Data for processing:
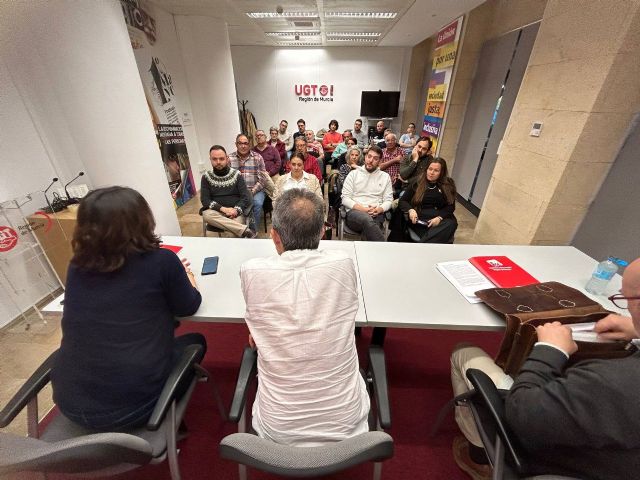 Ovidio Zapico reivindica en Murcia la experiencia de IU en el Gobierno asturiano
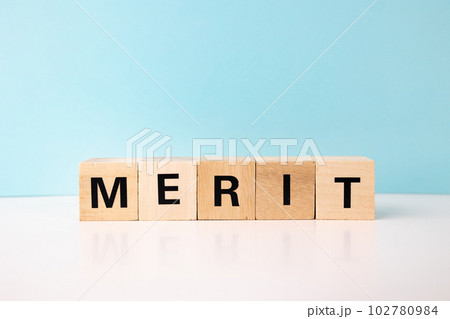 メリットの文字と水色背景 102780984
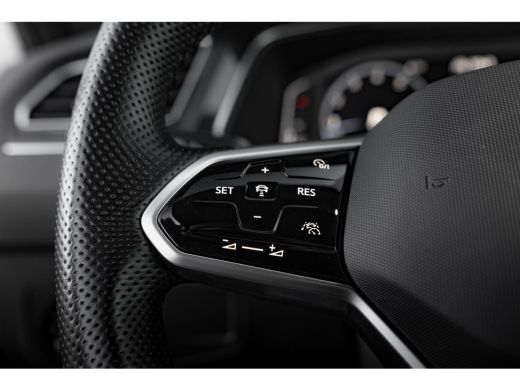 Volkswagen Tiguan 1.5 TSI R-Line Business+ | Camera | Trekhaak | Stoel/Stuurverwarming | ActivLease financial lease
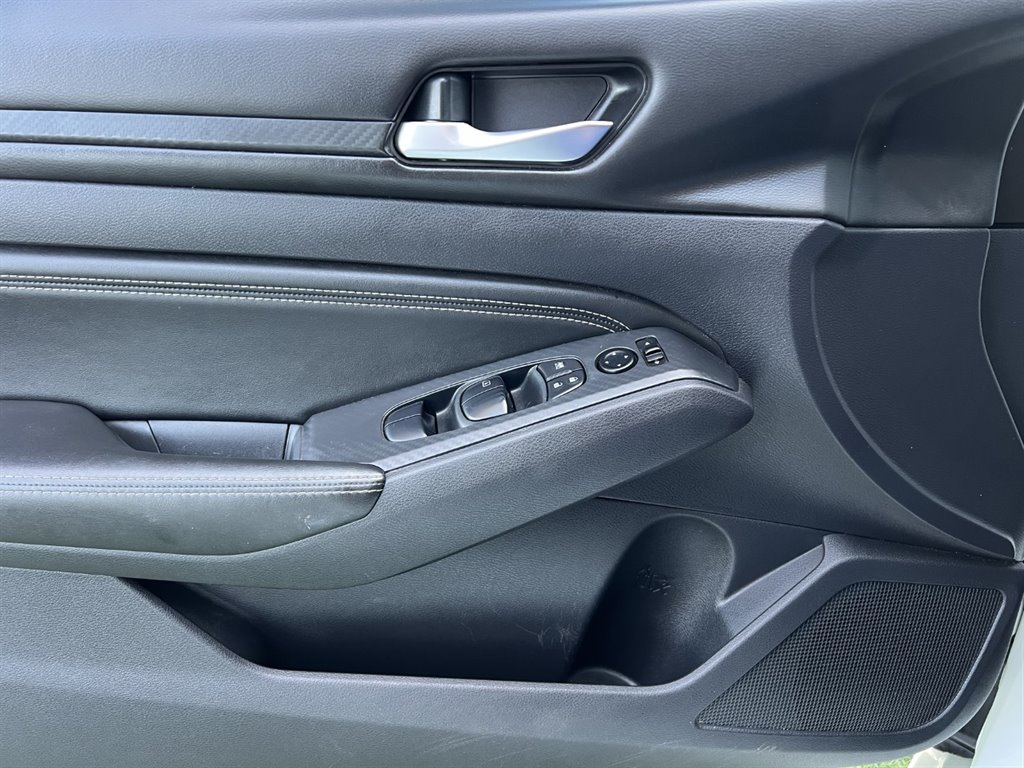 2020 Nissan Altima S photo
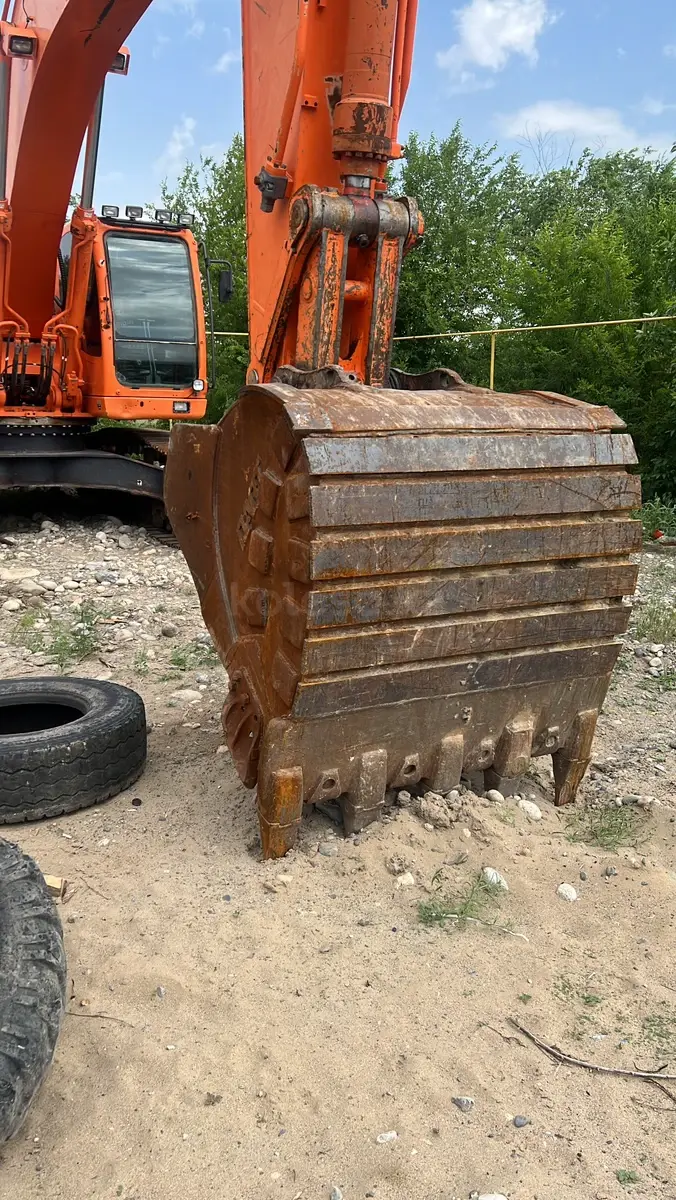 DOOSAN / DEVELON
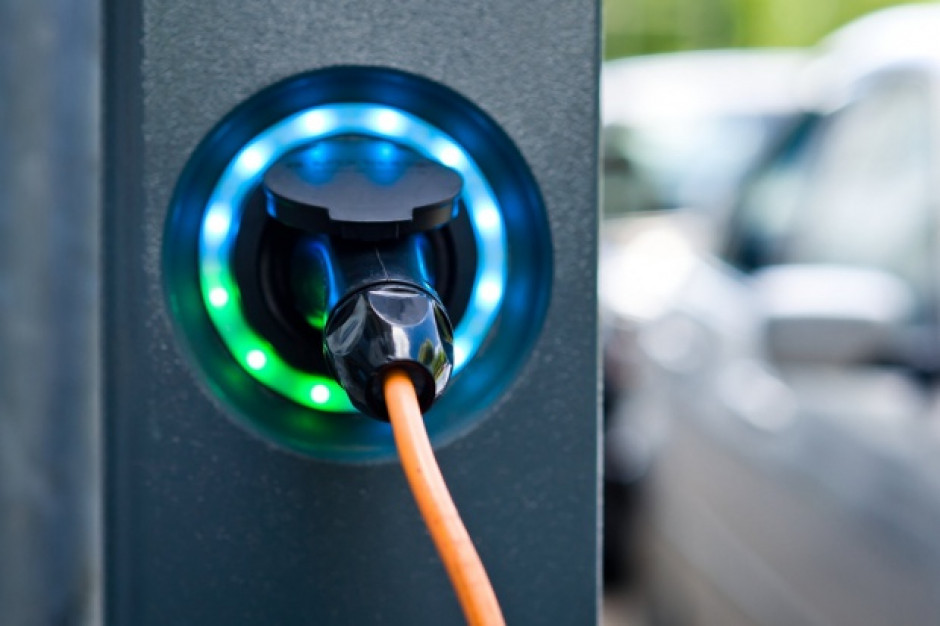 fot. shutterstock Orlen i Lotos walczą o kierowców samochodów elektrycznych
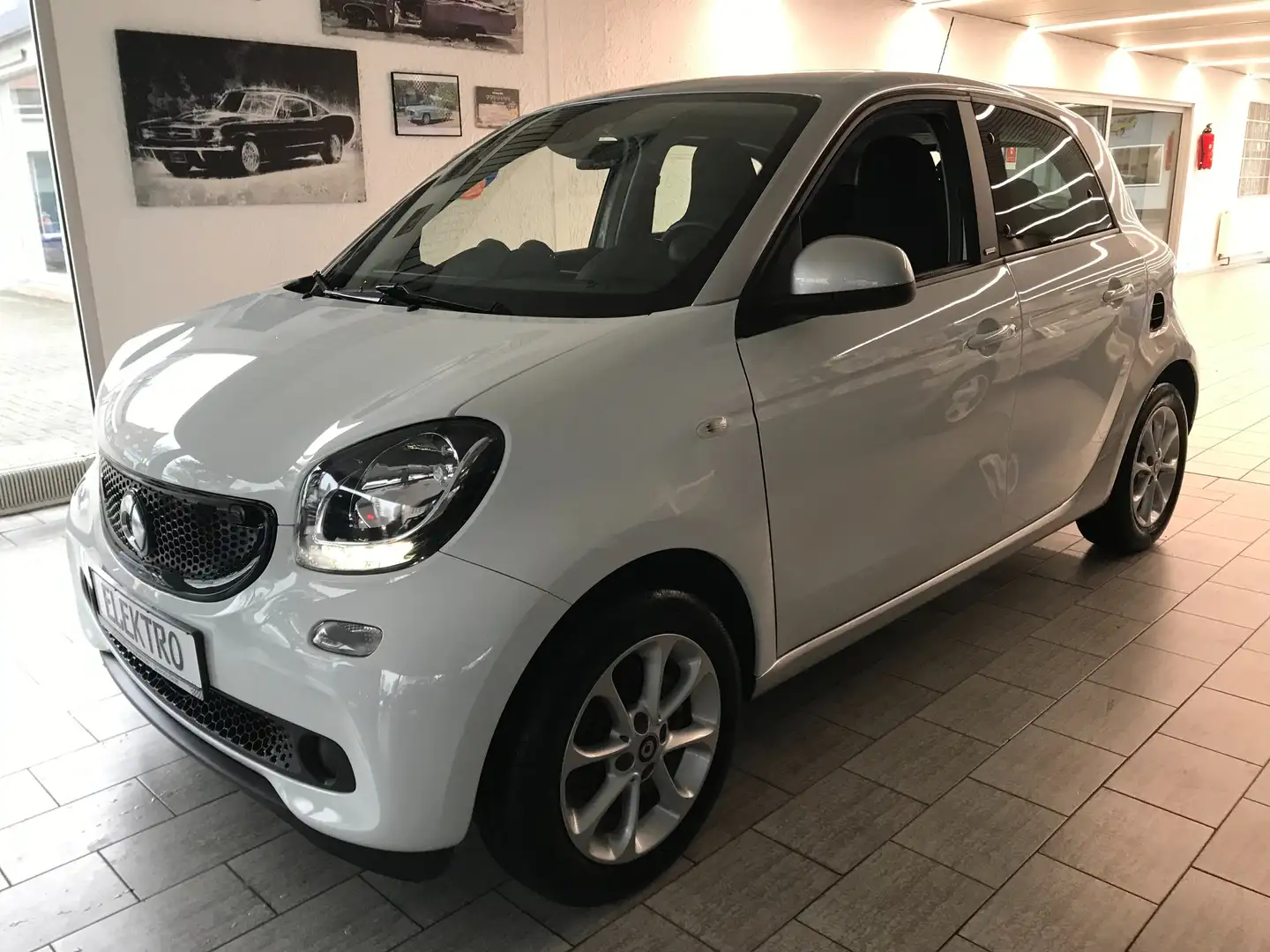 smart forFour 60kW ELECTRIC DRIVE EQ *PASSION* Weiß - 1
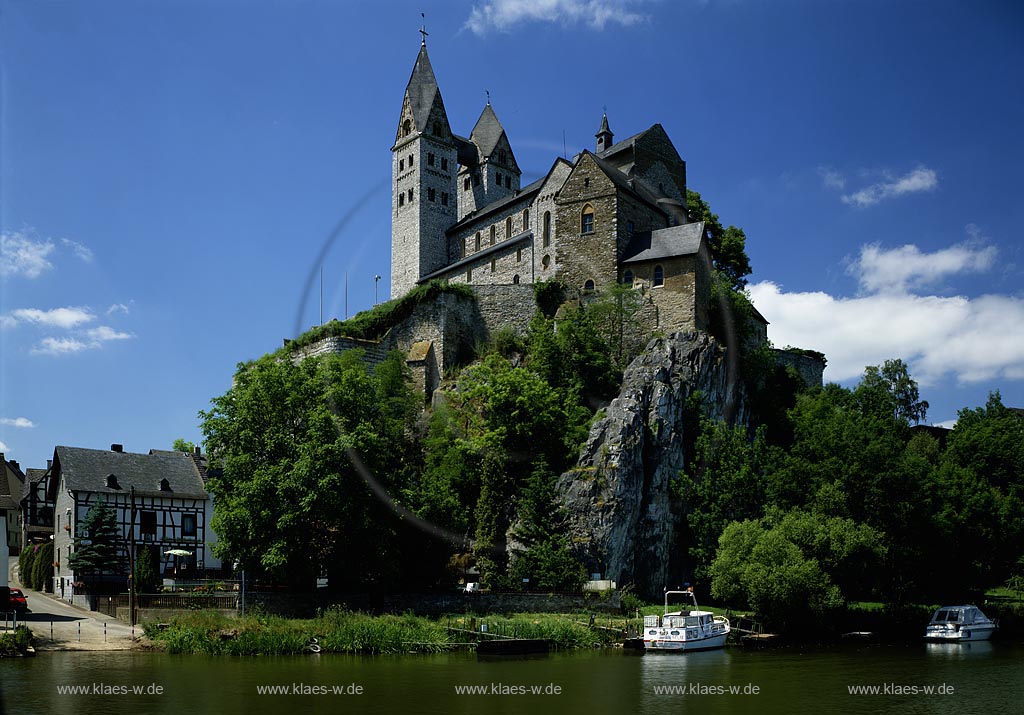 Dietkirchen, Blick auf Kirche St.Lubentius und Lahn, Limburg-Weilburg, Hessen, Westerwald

Work item:
Hand back the data exactly as it appears, with all pictures cut.

Result below:
 Ovidio Zapico reivindica en Murcia la experiencia de IU en el Gobierno asturiano
 メリットの文字と水色背景 102780984
 Volkswagen Tiguan 1.5 TSI R-Line Business+ | Camera | Trekhaak | Stoel/Stuurverwarming | ActivLease financial lease
 2020 Nissan Altima S photo
 DOOSAN / DEVELON
 fot. shutterstock Orlen i Lotos walczą o kierowców samochodów elektrycznych
 smart forFour 60kW ELECTRIC DRIVE EQ *PASSION* Weiß - 1
 Dietkirchen, Blick auf Kirche St.Lubentius und Lahn, Limburg-Weilburg, Hessen, Westerwald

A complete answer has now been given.